Workshop on the economic aspects of migration
Experts discussed the potential economic effects of irregular migration at an event organized by the National University of Public Service’s Centre for Strategic and Defence Studies (NUPS CSDS), and the Migration Research Institute in cooperation.
“The migration wave of 2015 had affected the countries of the European Union variously, and its intensity has decreased significantly ever since”, observed Dr. Péter Tálas in his opening remarks. The Director of NUPS CSDS added that while around 2 million people had arrived to our continent three years ago, last year this number was “only” about 200 thousand. The Director indicated that while this was still a considerable number, the real problem is that the economic burden produced by the immigrants is not split evenly among the member states. Although all European countries are concerned with the issue of migration, there are actually 8–10 states on the continent that are especially affected by immigration. “Yet it is not the citizens of these countries that are most worried about the situation, but the people in the Baltic states and in Central Europe, where the effect of migration is felt to a much smaller degree”, stated Péter Tálas. The Director believes that in terms of economic effects, our view becomes realistic only if the experts investigate both the negative and the positive consequences.

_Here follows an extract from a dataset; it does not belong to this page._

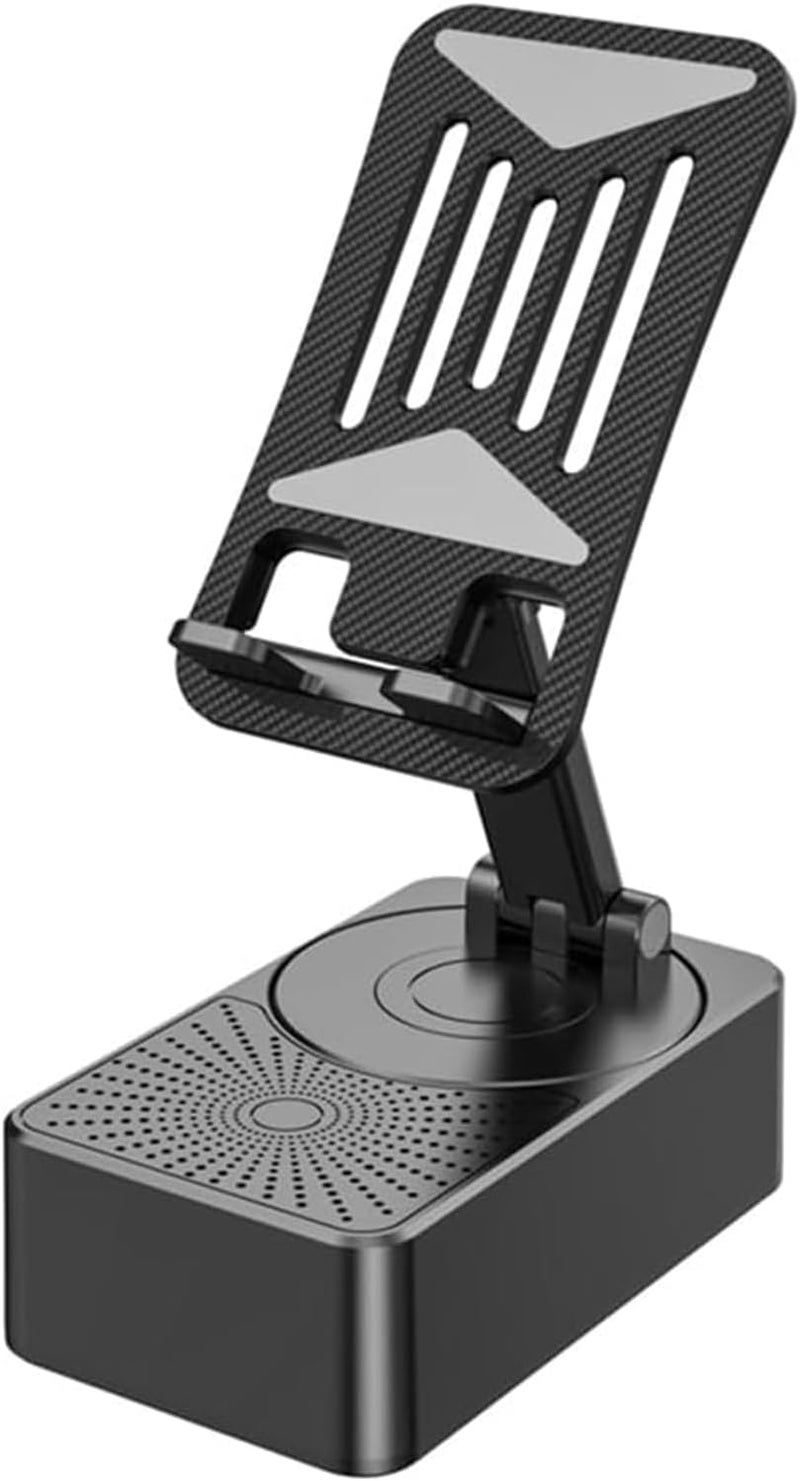 Foloose Cell Phone Stand Three-In-One BT Speaker Phone Stand &Charger Foldable & Rotatable 5000mAh Portable Speakers Phone Charger Stand for Desk - Image 1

“The recent Italian election results also indicate that the European citizens’ rational majority is seriously worried about irregular migration”, Dr. Balázs Orbán indicated in his presentation. The Director of Migration Research Institute said that the economic effects of mass immigration have been hardly dealt with by the experts, so it became relevant to research this area. He added that the large international organizations tend to overemphasize the positive effects of the phenomenon.
Previous experience indicates that the economic effects of migration are hard to put into numbers, thus all research and their results should be handled with care, according to Szabolcs Janik. The coworker Researcher of Migration Research Institute also said that this was even more difficult because irregular migration brought serious social tensions. While the classic theory of economics considered migration beneficial, the least few years brought forth several scientific opinions saying that mass migration does not yield benefits to any of its participants in the longer run. Uneducated immigrants that do not speak the language present a great problem, they are much harder to integrate, and all they do is increasing unemployment in the host country. The overall experience is that people arriving from countries outside the European Union are in a much more difficult situation than people arriving from another member state. According to data from the German Migration Office for the year 2015, only 17 percent of the people arriving with the mass migration had participated in higher education previously, only every third person spoke English at some level, and only two percent spoke German. It is estimated that caring for and integrating the immigrants will cost Germany 94 billion Euros until 2020. “The unemployment rate is clearly the highest among migrants arriving from countries outside the Union”, said Gábor Regős. The Director of the Macroeconomic Research Group at Századvég held that the tendency was similar in the employment rate. He added that irregular migration could have several disadvantages for the host country, leading to temporary overall wage reduction, more pressure on public services, unemployment and security problems as well.
Balázs Szepesi had a presentation about the possibilities of measuring the economic effects of migration processes. The managing Managing Director of HÉTFA Research Institute and Center of Analysis stated that an impact assessment should be conducted on migration-related decisions, and their consequences should be analyzed as well. The expert believes that this could greatly contribute to better understand the situation. Károly Lóránt talked about the relationship between demographics and migration at the event. The engineer-economist expert worked in Brussels for years, where he developed his own demographic model. In this, he drafted potential trends until 2020, which naturally included several estimates. The expert indicated that the worst scenario calculated with about 600–700 thousand Muslim immigrants per year, which could make Western Europe fully Islamized within just a few decades.